# Breeders close to the Twin Cities area?



## KloverBeans (Sep 30, 2014)

I looked at a couple breeder lists and it doesn't seem to have any close or in Minnesota. Just wondering if anyone else knows something that I'm missing. Any help would be appreciated.


----------



## Aeyna (Jun 16, 2014)

This is where I got my three boys: http://minneapolis.craigslist.org/hnp/pet/4664507772.html

I know it's not ideal, but when I picked up my three last Tuesday, a new litter had just been born. They breed for their snakes, but they end up with more babies than they need, so they adopt out the rest. I know lots of people have strong opinions about breeding for snake food, but all three of my boys are friendly, none have bitten, and they haven't been sneezing, which is a problem I've had in the past with pet store rats. So not ideal, but you can get the babies once they are at 5 weeks.

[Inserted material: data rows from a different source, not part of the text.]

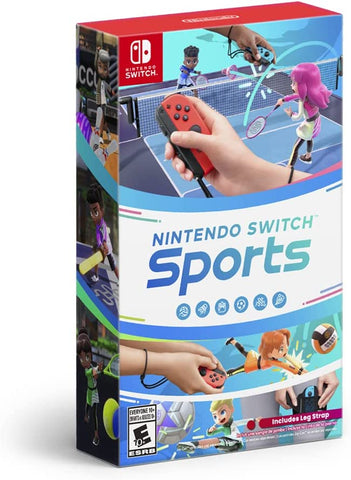 [Nintendo Switch] Nintendo Switch Sports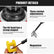 13 in 1 Ratchet Screwdriver Set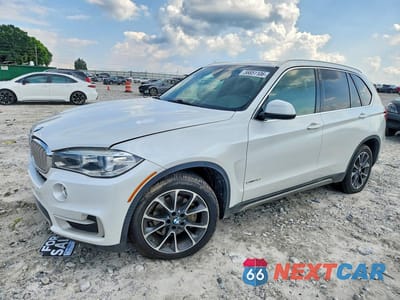 2018 BMW X5 SDRIVE35I 5UXKR2C57J0Z16790 - główne zdjęcie licytacji z USA - miniatura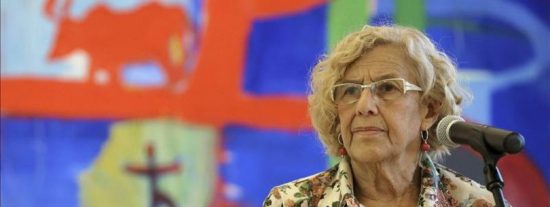La nueva 'preokupaci&oacute;n' de Carmena: borrar la calle del hijo del fundador de ABC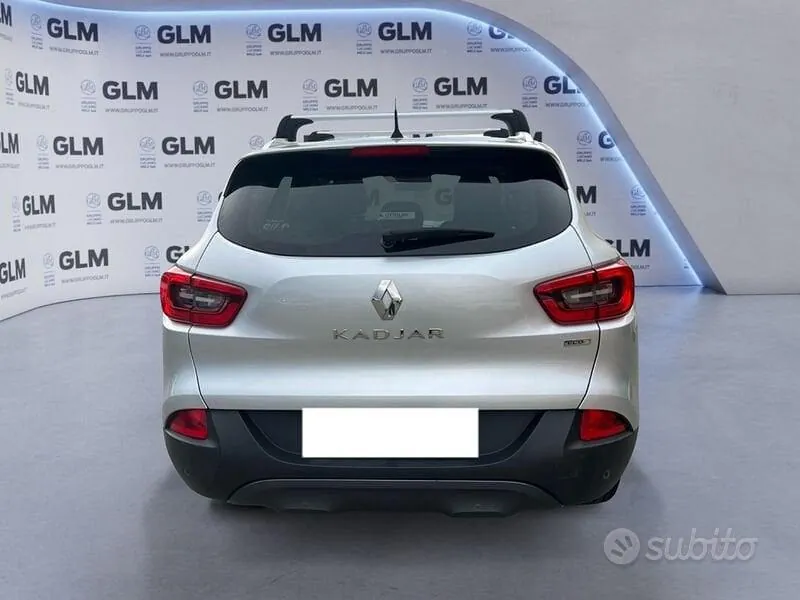 Renault Kadjar 2016 photo 4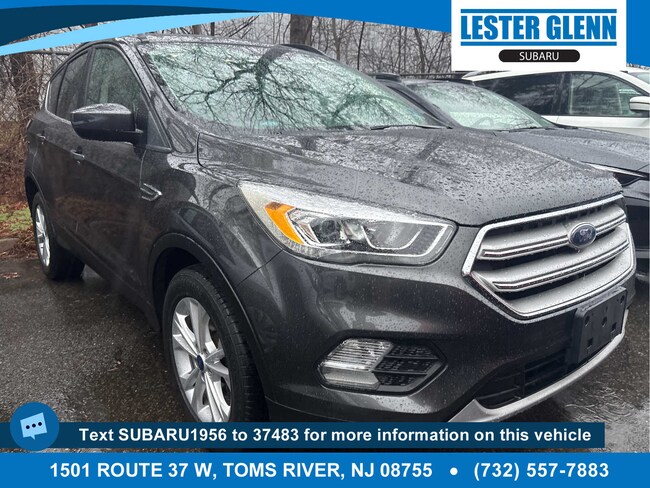 2018 Ford Escape SEL SUV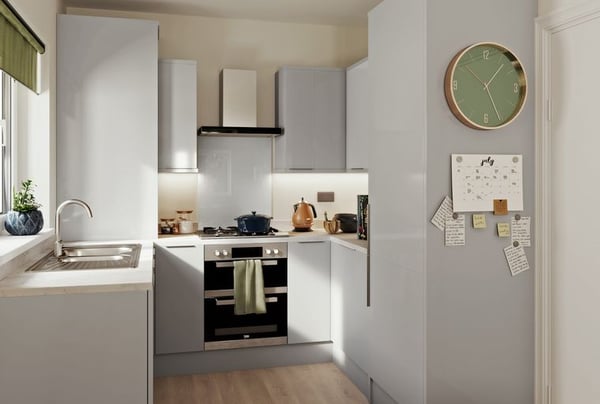 3 bedroom house for sale - Image 3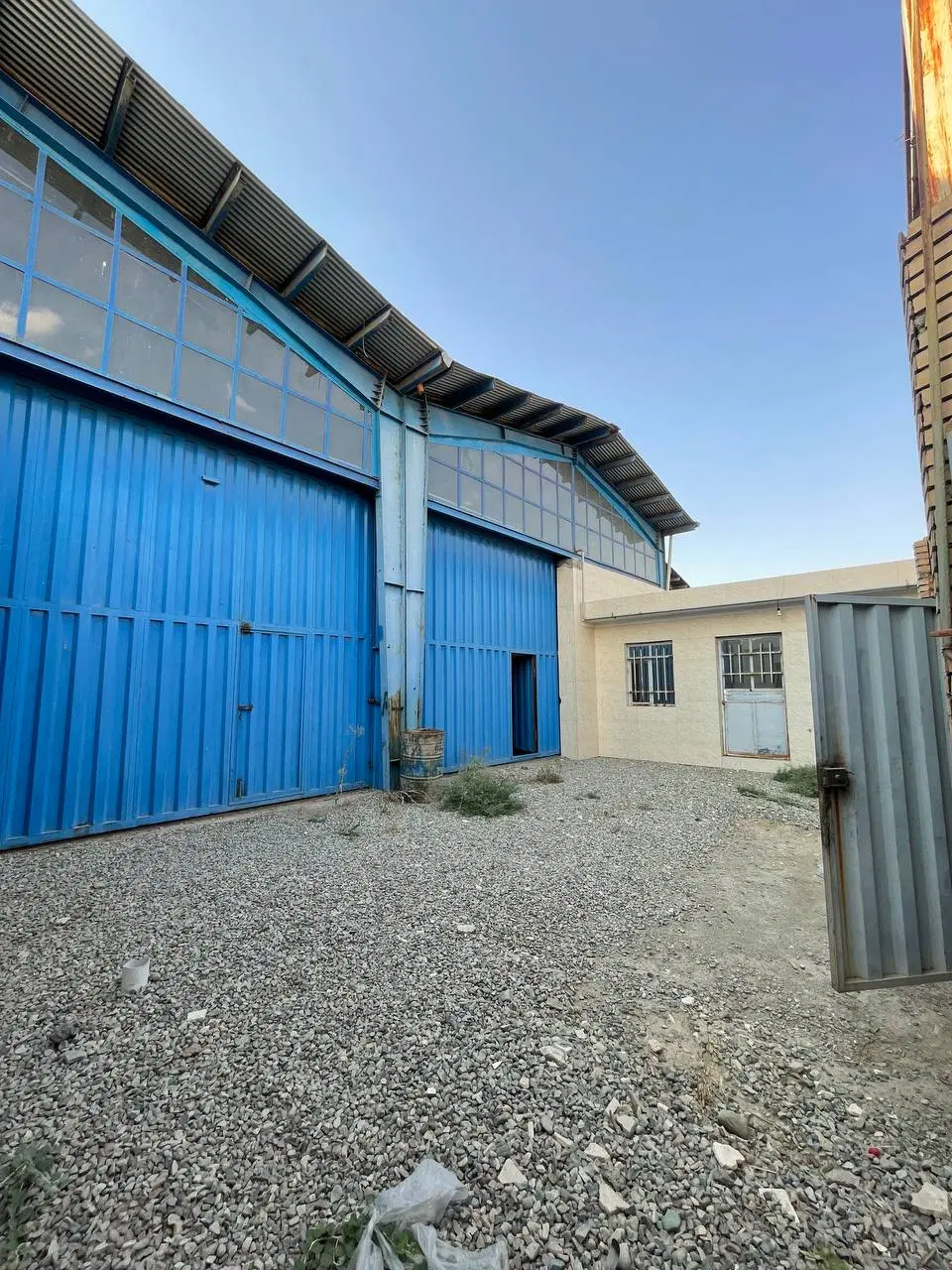 اجاره ۲ عدد سوله صنعتی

They have hairless, rex, double rex, dumbos... It's actually a really wide variety of types and colors.


----------



## BlackAce (Apr 18, 2013)

Oooh I'm from the twin cities area as well, so I'll be keeping an eye on this! I was actually thinking of asking the same question lol. Besides what Aeyna posted I only know of Star's rescue, or something like that....but it's in North Dakota.


----------



## KloverBeans (Sep 30, 2014)

Just contacted them, hoping I get a quick response. Even tho I won't be able to get one for another week or so. But I felt really bad when my girlfriends rat passed, and I'm trying to find her another that'll touch her heart the same way Yolandi did.


----------



## KloverBeans (Sep 30, 2014)

Also Aeyna I just have to ask, where oh where did you find your hairless rat? lol

I've owned rats in the past, and just recently got back into keeping them as pets again. And have ALWAYS wanted a hairless, its pretty much my holy grail of pet ownership. x)


----------



## Zabora (Jun 8, 2014)

KloverBeans said:


> Just contacted them, hoping I get a quick response. Even tho I won't be able to get one for another week or so. But I felt really bad when my girlfriends rat passed, and I'm trying to find her another that'll touch her heart the same way Yolandi did.

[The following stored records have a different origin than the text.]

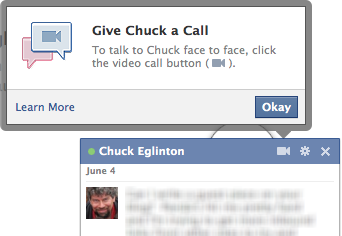 facebook video chat calling setup 3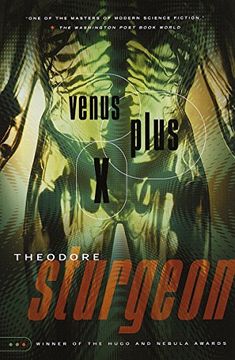 portada Venus Plus x (in English)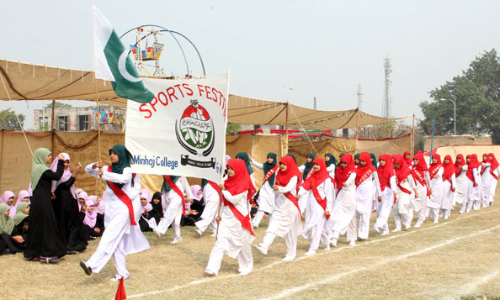 Women Sports Week kicks off on March 2, 2020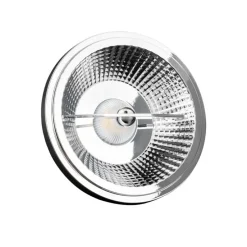 Set van 5 Smart GU10 dimbare LED lampen AR111 10W 800 lm 2200 - 6500K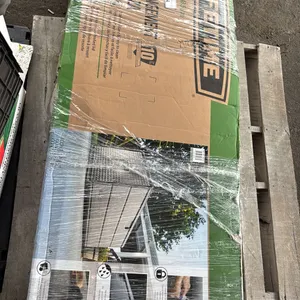 LIFETIME 170 GALLON DECK BOX *UNKNOWN WORKING CONDITION/MAY BE MISSING PARTS & OR PIECES*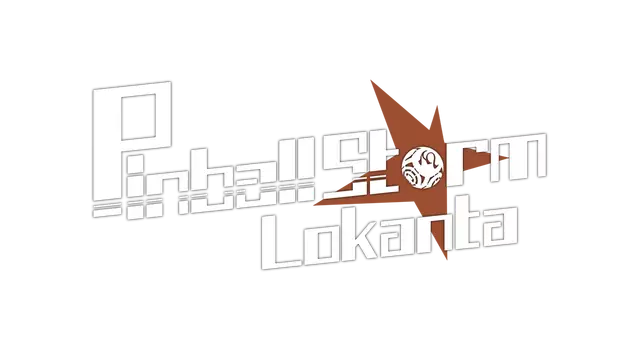 弹珠地狱洛坎塔 | Pinball Storm: Lokanta LOGO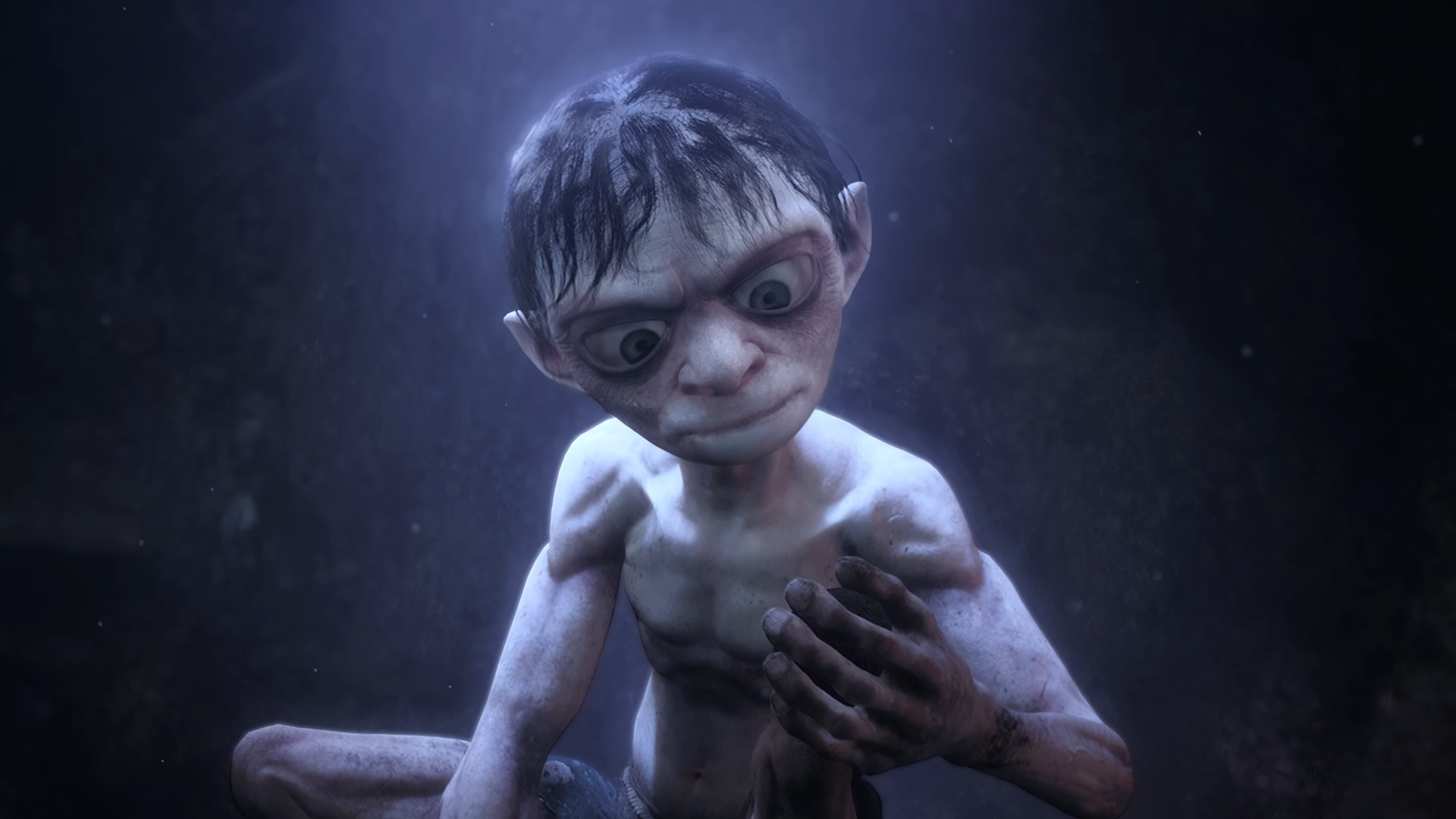 The lord of the rings gollum стим фото 6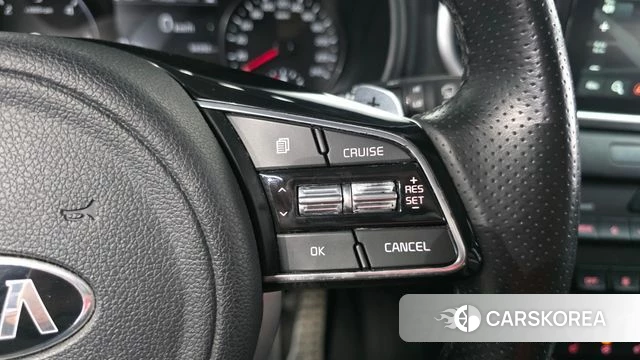 Kia Sportage The Bold id 4894546 из Кореи 9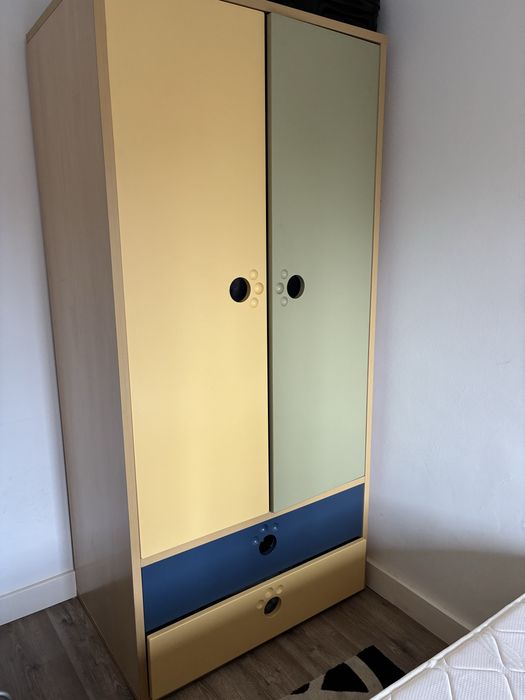 Mobilia de quarto juvenil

 just remember rats need a friend. And you can never replace the heart rat.


----------



## Aeyna (Jun 16, 2014)

I found Gadget on craigslist. The owner didn't want her anymore cause she was skittish. Turns out she's mostly blind. After learning to accommodate her sight problem, she became an awesome rat. The people you contacted have a mom who is naked, but I'm not sure if any of the hairless babies are left. They had a hairless girl when I was there, but I think she was spoken for. I texted them and heard back really fast.


----------



## KloverBeans (Sep 30, 2014)

Zabora said:


> just remember rats need a friend. And you can never replace the heart rat.


Oh she'll have friends. Yolandi left her sister {Luna} and litter mate {Celes} behind sadly. And they've all noticed the change, but we're only looking specifically for girls as they -tend- to be less stinky than males. Plus we don't need babies, I've been through that fiasco one to many times in the past lol.


----------